_Your assignment:_
Among the entries that follow, the required portion opens with the line containing "Continental Bulldog Breed" and closes with the line containing "Clematis Multi Pink". Give that portion again exactly, and nothing else.

_Stored data:_
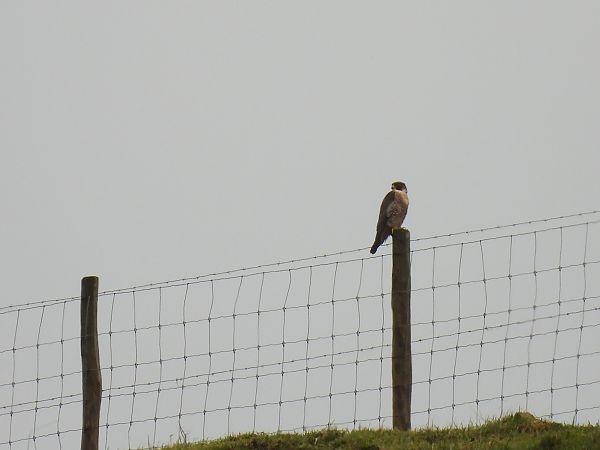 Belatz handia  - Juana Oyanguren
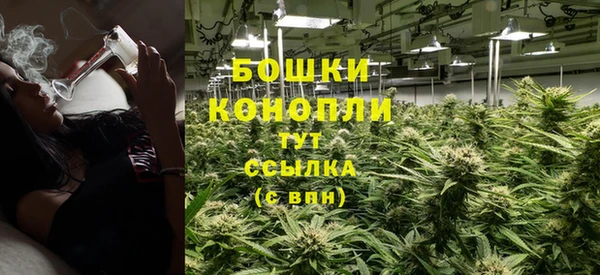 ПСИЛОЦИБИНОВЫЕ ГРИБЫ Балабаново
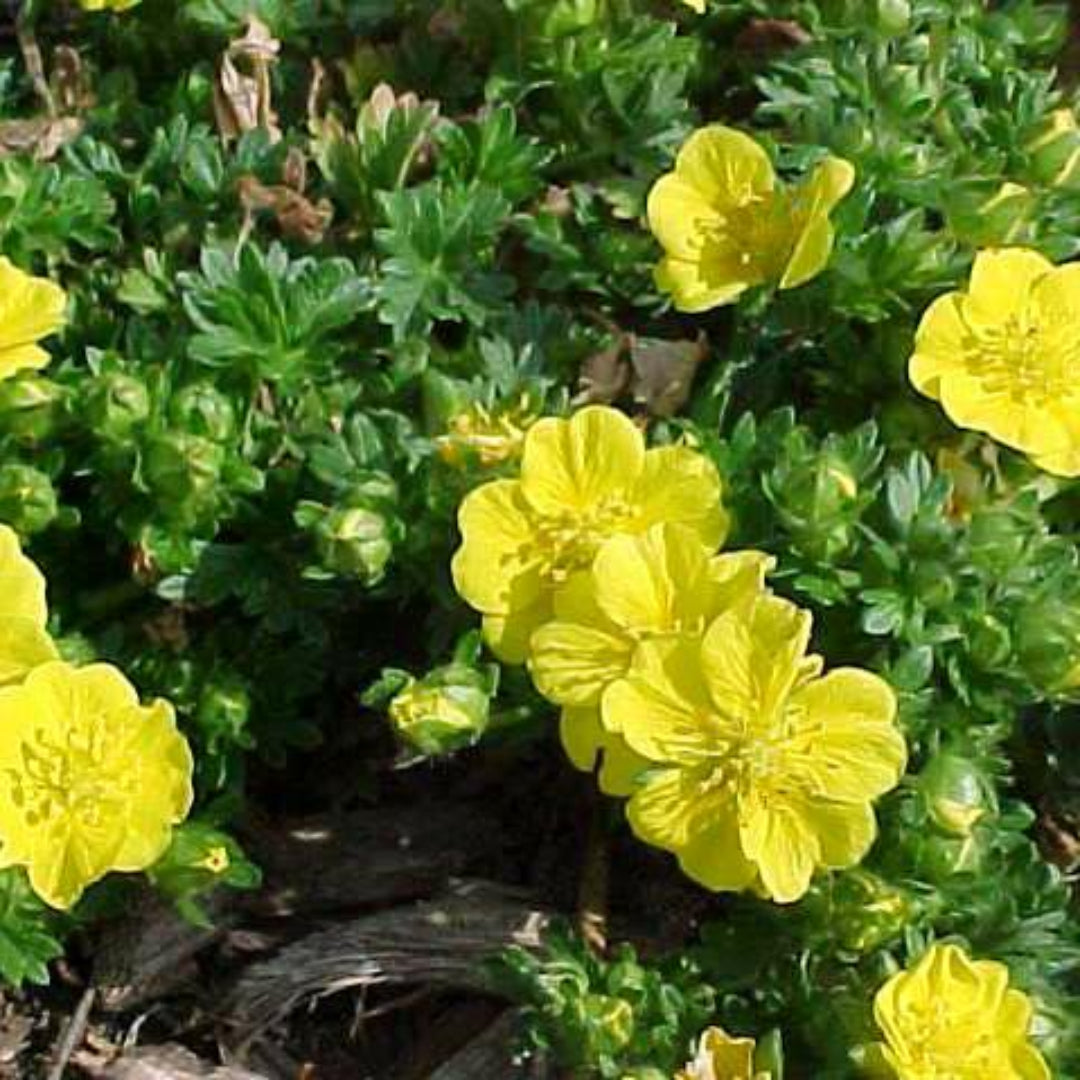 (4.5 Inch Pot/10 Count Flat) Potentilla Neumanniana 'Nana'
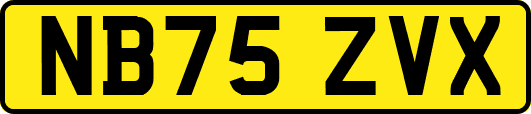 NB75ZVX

...

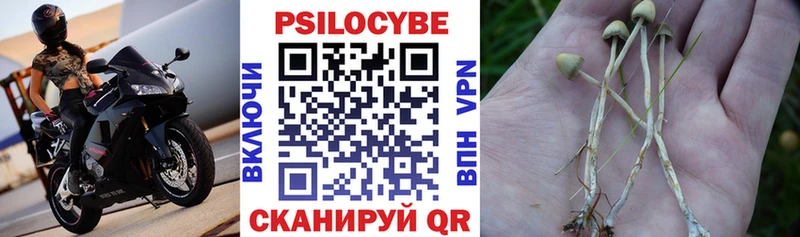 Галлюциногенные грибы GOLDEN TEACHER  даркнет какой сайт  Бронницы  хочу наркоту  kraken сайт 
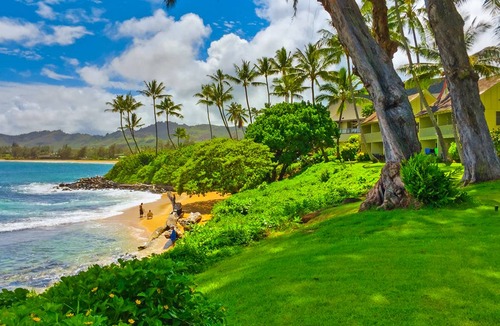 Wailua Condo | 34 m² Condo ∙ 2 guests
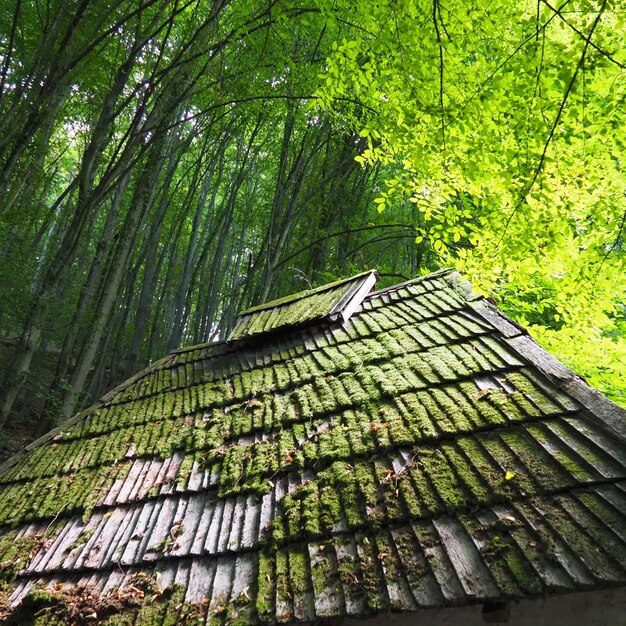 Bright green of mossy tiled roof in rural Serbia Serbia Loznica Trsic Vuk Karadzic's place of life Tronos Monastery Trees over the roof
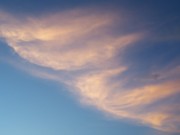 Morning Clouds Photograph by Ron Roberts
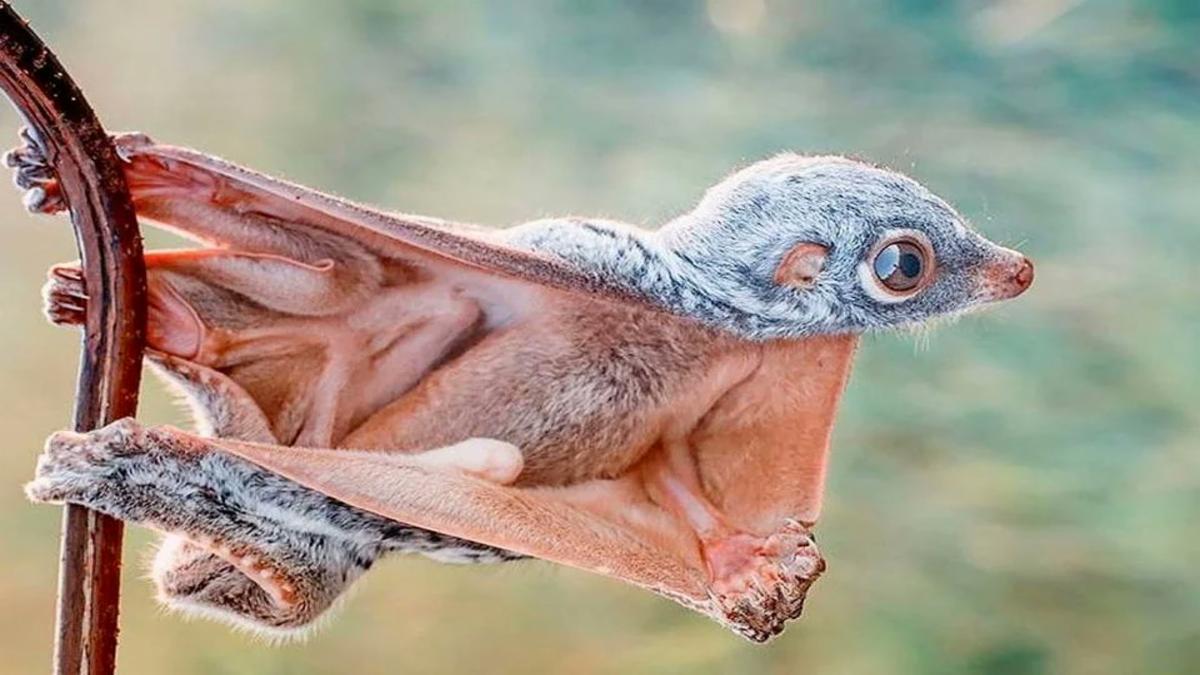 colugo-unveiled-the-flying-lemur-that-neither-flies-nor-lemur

==

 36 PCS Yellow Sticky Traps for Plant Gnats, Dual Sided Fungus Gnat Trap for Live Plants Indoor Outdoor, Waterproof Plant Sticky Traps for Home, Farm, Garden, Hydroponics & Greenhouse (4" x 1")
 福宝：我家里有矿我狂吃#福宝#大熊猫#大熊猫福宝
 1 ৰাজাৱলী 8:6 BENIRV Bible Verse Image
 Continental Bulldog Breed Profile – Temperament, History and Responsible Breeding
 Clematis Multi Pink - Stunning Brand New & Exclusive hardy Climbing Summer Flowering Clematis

_Reply:_
 Continental Bulldog Breed Profile – Temperament, History and Responsible Breeding
 Clematis Multi Pink - Stunning Brand New & Exclusive hardy Climbing Summer Flowering Clematis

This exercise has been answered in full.